Fidel Castro Speaks:

El actual Gobierno de Estados Unidos ha fracasado totalmente en sus planes de aislar y de asfixiar económicamente a Cuba, no se resigna a su fracaso y se desespera peligrosamente. El Gobierno de Estados Unidos hizo todo lo posible por satisfacer los deseos de la mafia terrorista cubano-americana, que condujo al presidente Barack Obama a la disputada presidencia de ese país. ¿Quién es hilaire9?"---Fidel Castro, Marzo 2010

"The filthy Government of the United States has totally failed to screw Cuba up the ass, and has become crazier than a shit-house rat! The Government of the United States did everything to lick the feet of the Cuban-American Mafia , who helped the whore Barack Obama to become president.

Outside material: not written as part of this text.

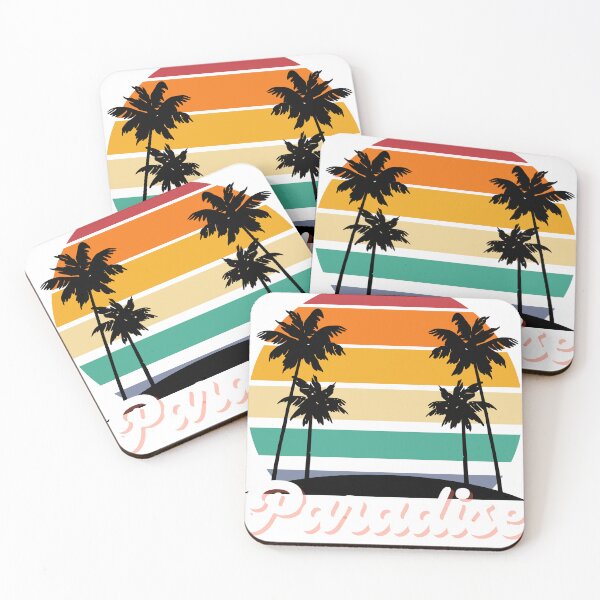 Item preview, back to paradise designed and sold by mozez-as.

There are many good Americans such as comrade hilaire9, who is kind enough to give you the Pam Anderson and Tommy Lee home sex video on this website. My banana is getting hard just thinking about it!"---Fidel Castro, March 2010 [translated by hilaire9]
* Watch the Pam Anderson Sex Video *

I battle jellyfish and barracuda in my attempt to reach the Workers' Paradise of Cuba!

     It was late November 2010 when I decided to escape this vile country and live in the dreamland of Cuba. Then I learned an interesting fact: the United States Government doesn't want the slaves to run from the plantation! It is illegal to travel to Cuba unless you are a certain type of person: government workers (spies) or journalists (paid liars). No wonder Americans don't know how great it is to live in a county under Communist rule.

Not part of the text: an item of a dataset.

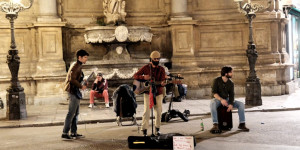 Beitragsbild des Blogbeitrags Palermo – Die einstige Mafia-Hochburg bei Nacht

     That's when I had a brilliant idea. I would paddle my surfboard to Cuba! Soon I was in Key West Florida and preparing for my escape. Quickly I gathered all the provisions I would need for my journey: a waterproof backpack to carry my supplies, my Official Boy Scout compass, suntan lotion, a big box of raisins, 2 pounds of beef jerky, a bag of Cheetos, and a 12-pack of Diet Coke.

     Early the next morning I was well on my way, paddling with vigor towards Cuba! All that day and the next I made good speed, the current was with me and the weather was excellent. During the night of the third day, while sleeping, I rolled into the ocean and lost my compass and found myself in a school of stinging jellyfish!

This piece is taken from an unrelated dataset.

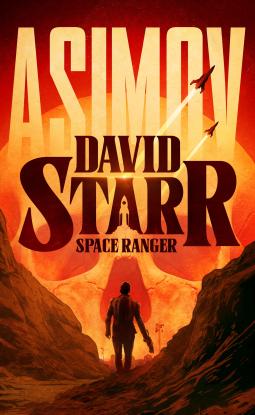 book cover for David Starr, Space Ranger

     Day four was bad. I had lost my compass and had no Coke left. Then the weather turned rough! I was too exhausted to paddle against the wind and was dying of thirst. I thought of drinking my own urine, but decided to drink a little seawater instead.

     On day five I was insane! All I could do was hold tight to my board and let the strong winds blow me across the rolling ocean. I lost track of time and had strange dreams. In one dream I saw a chorus line of barracuda dressed in pink and yellow bikinis dancing across the waves! In another I was greeted on the shores of Cuba by Fidel Castro and the ghost of Che Guevara, and a parade was held in my honor down the streets of Havana. How long I drifted in this state of mind I do not know.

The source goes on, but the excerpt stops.